Restating the data exactly is the whole task.

Information supplied:
━━━━━━━━━━
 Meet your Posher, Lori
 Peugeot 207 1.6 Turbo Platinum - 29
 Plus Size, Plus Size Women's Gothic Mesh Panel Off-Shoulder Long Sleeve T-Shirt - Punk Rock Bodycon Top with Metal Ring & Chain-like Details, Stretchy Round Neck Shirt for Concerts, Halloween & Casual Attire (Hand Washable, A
━━━━━━━━━━
Final answer:
 Meet your Posher, Lori
 Peugeot 207 1.6 Turbo Platinum - 29
 Plus Size, Plus Size Women's Gothic Mesh Panel Off-Shoulder Long Sleeve T-Shirt - Punk Rock Bodycon Top with Metal Ring & Chain-like Details, Stretchy Round Neck Shirt for Concerts, Halloween & Casual Attire (Hand Washable, A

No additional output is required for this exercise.